FWIW, due to other instrumentation issues I've started doing a larger noinstr
cleanup on arm64 which should address this, as fixing this properly involves
also modifying a bunch of underlying helpers (e.g. preempt_count()).
I can Cc you when sending that out, if you'd like? That'll probably be in the
new year.
Thanks,
Mark.
On Fri, 9 Dec 2022 11:16:34 +0000
Mark Rutland <[email protected]> wrote:
> On Tue, Dec 06, 2022 at 09:41:37AM +0900, Masami Hiramatsu wrote:
> > On Fri, 2 Dec 2022 13:17:30 +0000
> > Mark Rutland <[email protected]> wrote:
> > > I had a go at testing this patch, and it fixes the crash with the reproducer
> > > above, but there are plenty of other instances in stacktrace.c that lead to the
> > > same sort of crash, e.g.
> > >
> > > # echo p stackinfo_get_task >> ${TRACEFS}/kprobe_events
> > > # echo 1 > ${TRACEFS}/events/kprobes/enable
> >
> > Oops, thanks for pointing! Hmm, I thought stackinfo_get_task() is an
> > inlined function usually. Maybe we should make it nokprobe_inline.

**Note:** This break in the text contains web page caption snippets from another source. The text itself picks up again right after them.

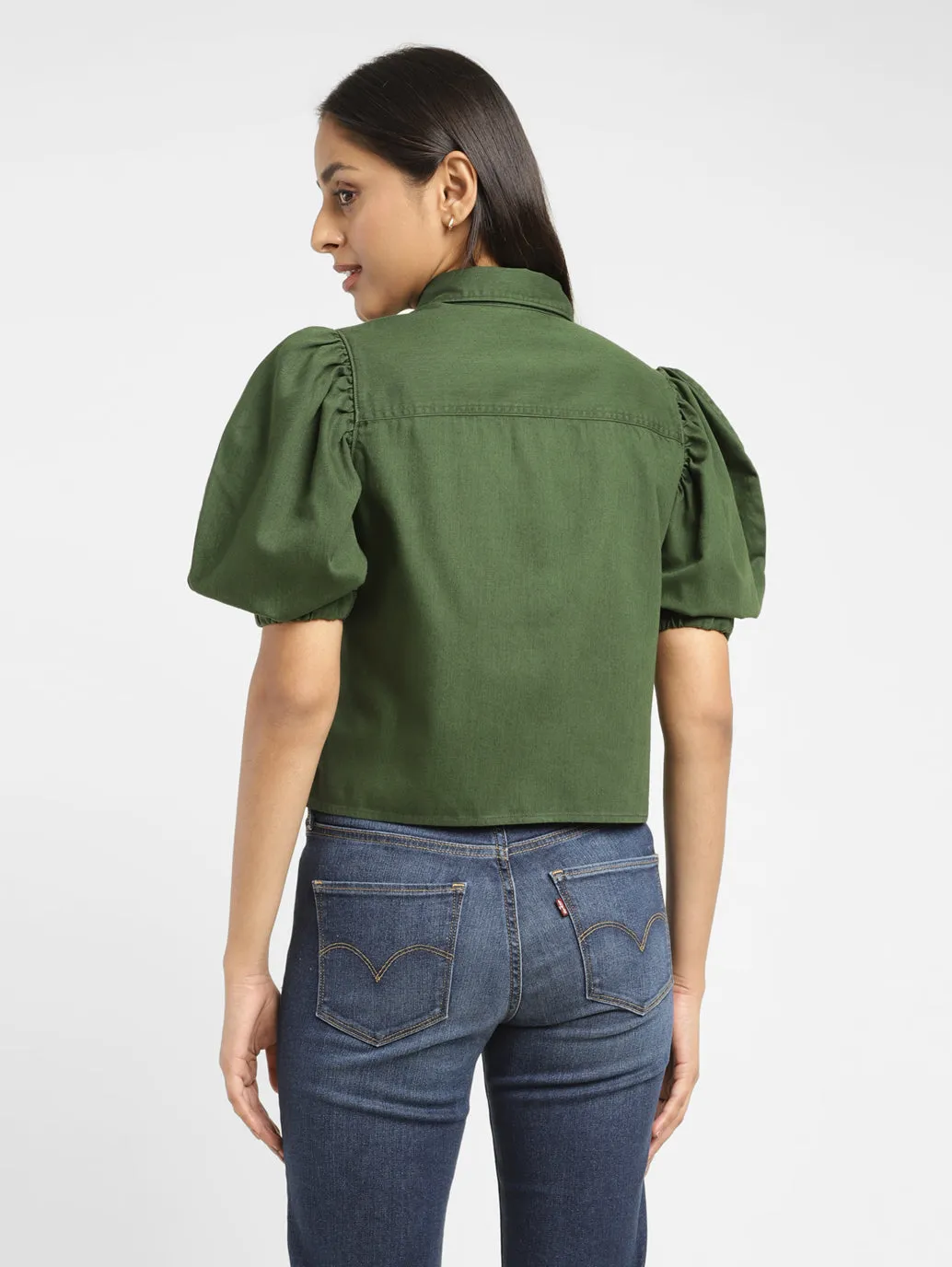 Women's Solid Dark Green Spread Collar Top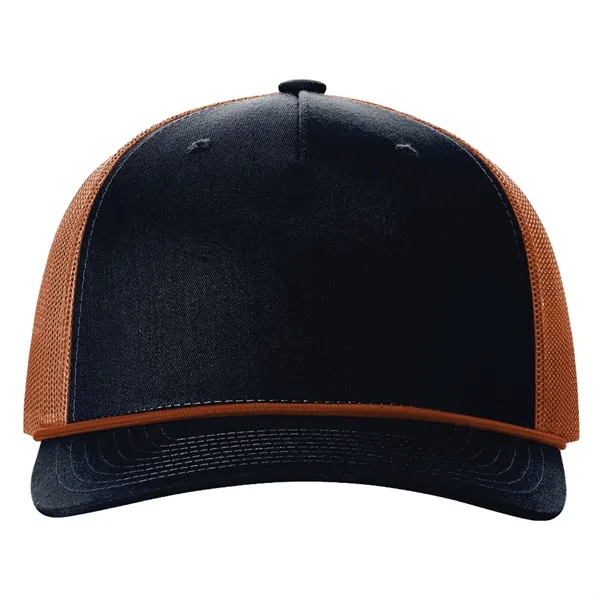 Richardson 112FPR snapback five-panel cotton and polyester trucker cap with leatherette... from ASI 74601 Calico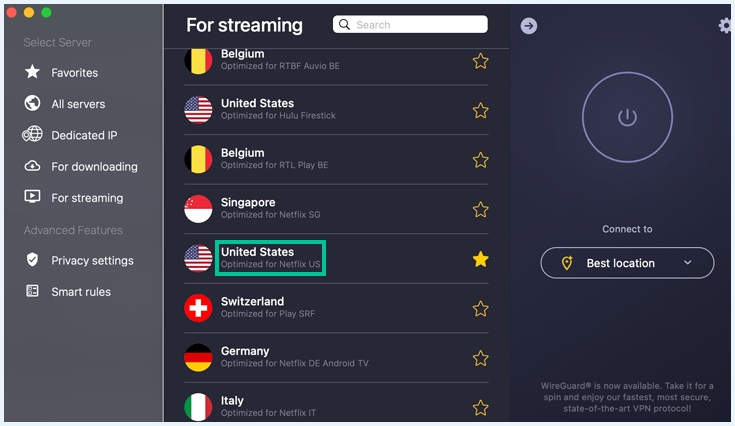 CyberGhost specialized streaming servers with a server that's optimized for streaming highlighted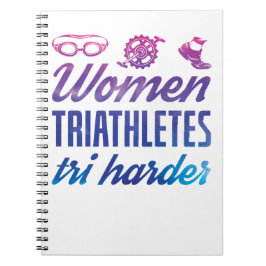 Women Triathletes Tri Harder Triathlon Ombre Anteckningsbok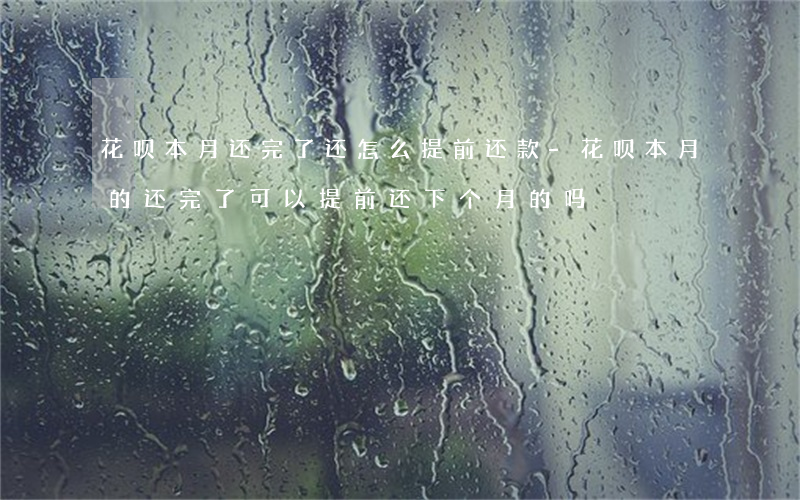 花呗本月还完了还怎么提前还款-花呗本月的还完了可以提前还下个月的吗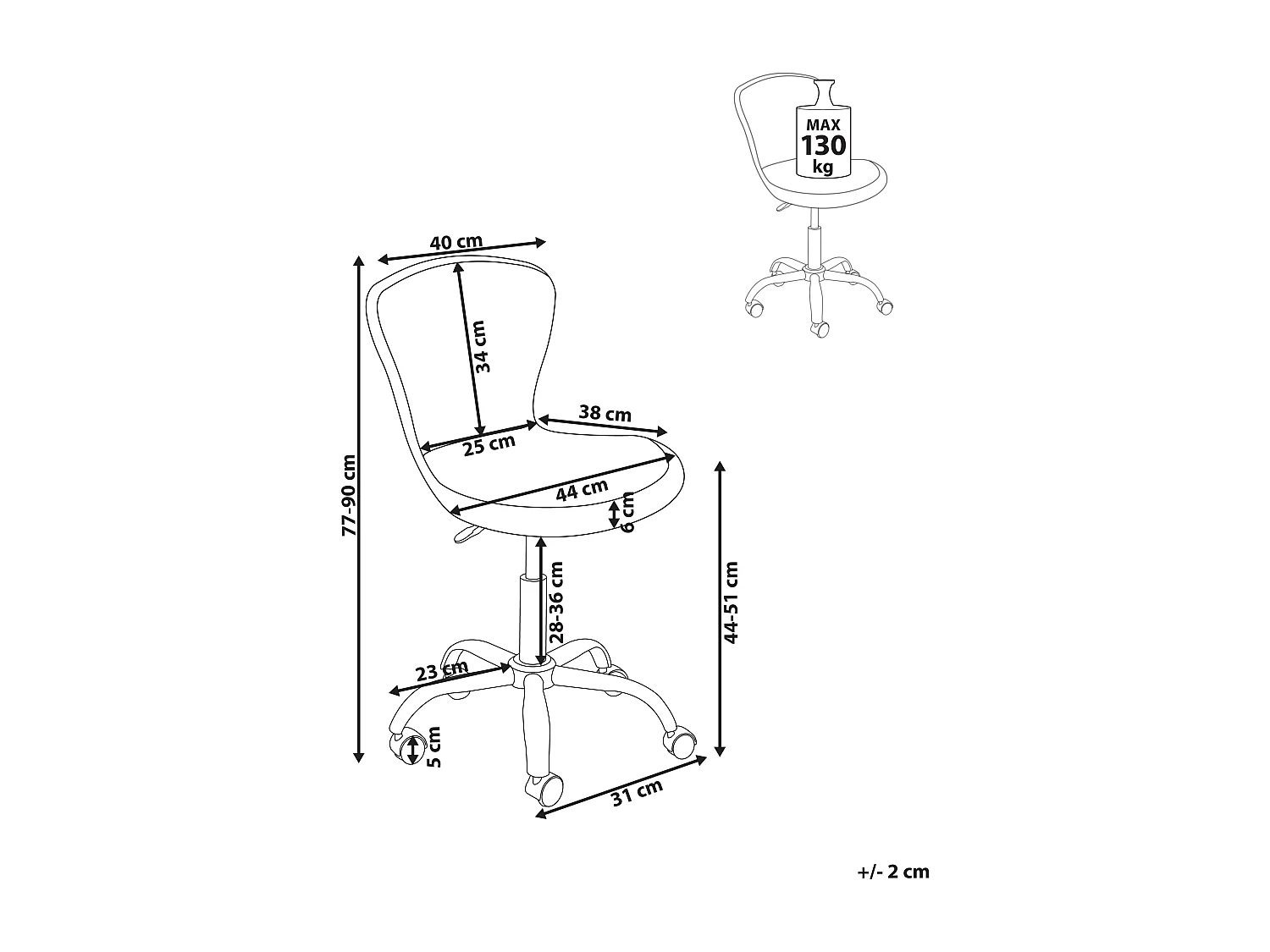 Chaise de bureau MARGATE Fourrure synthétique Blanc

> > But this is just one case. I need to scan all symbols to trace...
>
> FWIW, due to other instrumentation issues I've started doing a larger noinstr
> cleanup on arm64 which should address this, as fixing this properly involves
> also modifying a bunch of underlying helpers (e.g. preempt_count()).
>
> I can Cc you when sending that out, if you'd like? That'll probably be in the
> new year.
Thanks Mark, yes, I'm interested in that work.
Until that, I'll finish making a script for testing kprobes widely on
kernel symbols.
Thank you,
>
> Thanks,
> Mark.
--
Masami Hiramatsu (Google) <[email protected]>